%%

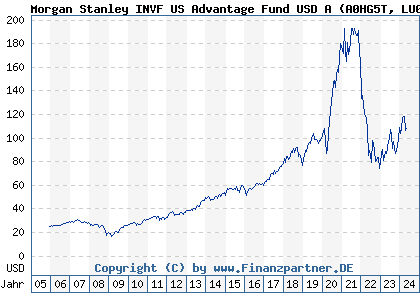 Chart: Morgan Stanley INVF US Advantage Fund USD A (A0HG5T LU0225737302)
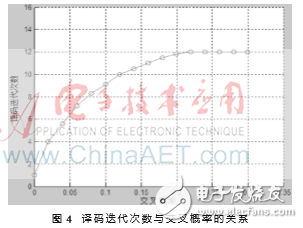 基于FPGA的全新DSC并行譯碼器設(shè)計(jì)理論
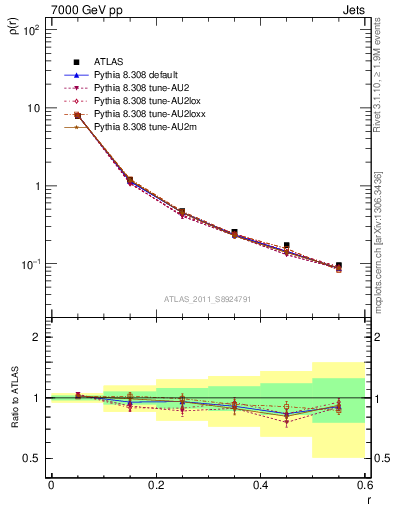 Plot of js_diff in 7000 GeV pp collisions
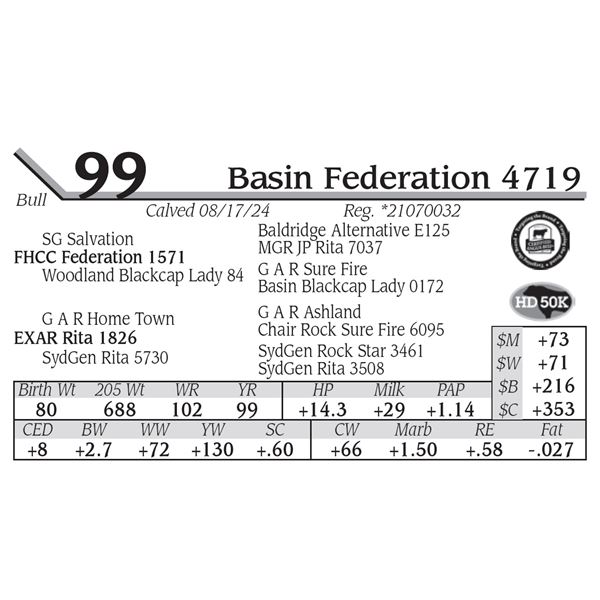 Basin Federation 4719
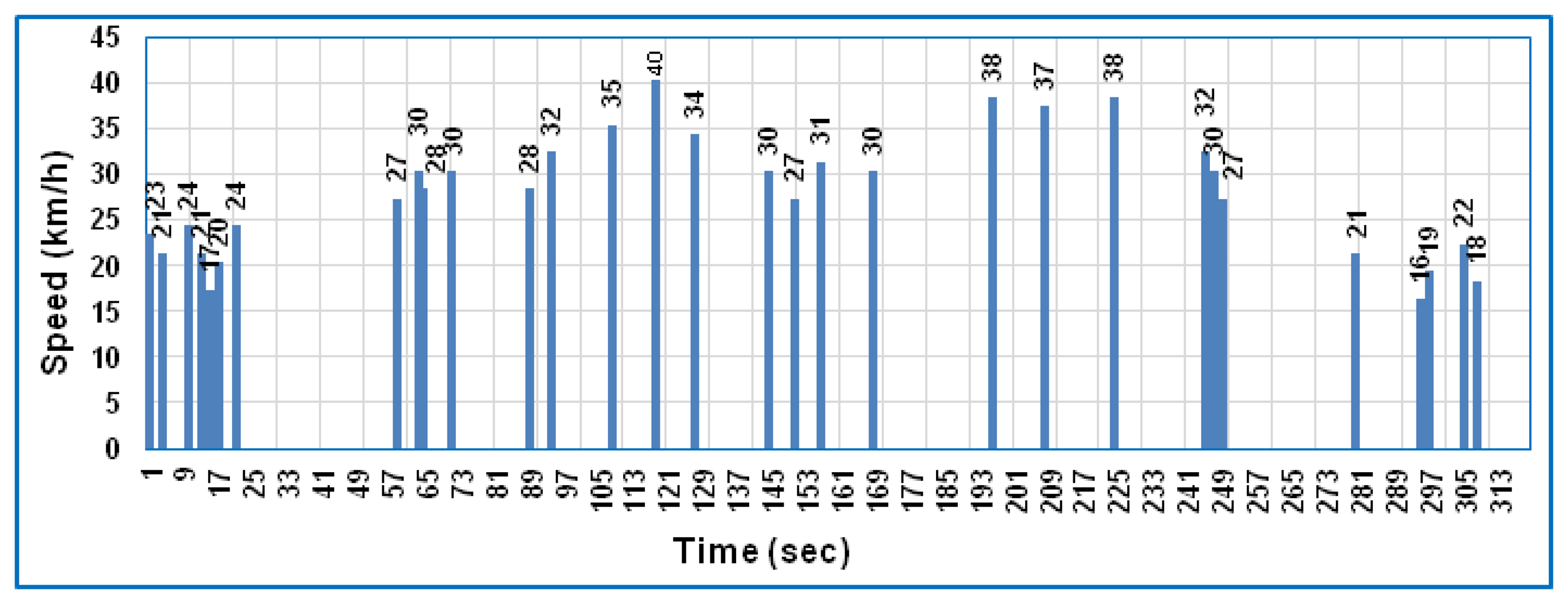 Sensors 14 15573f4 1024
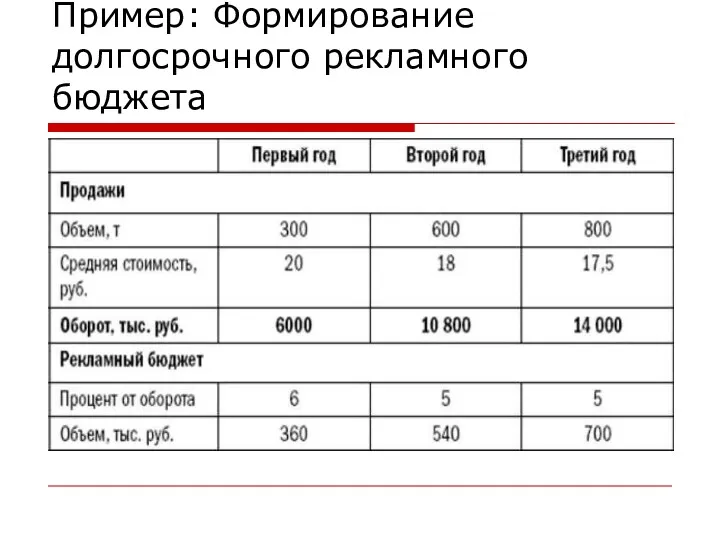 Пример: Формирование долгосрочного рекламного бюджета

%%

__Work order__. Retype, word for word, the line containing "Plot of js_diff in 7000 GeV pp collisions" and each line after it through the end of the data, leaving any picture out.

__Response__.
 Plot of js_diff in 7000 GeV pp collisions
 Basin Federation 4719
 Sensors 14 15573f4 1024
 Пример: Формирование долгосрочного рекламного бюджета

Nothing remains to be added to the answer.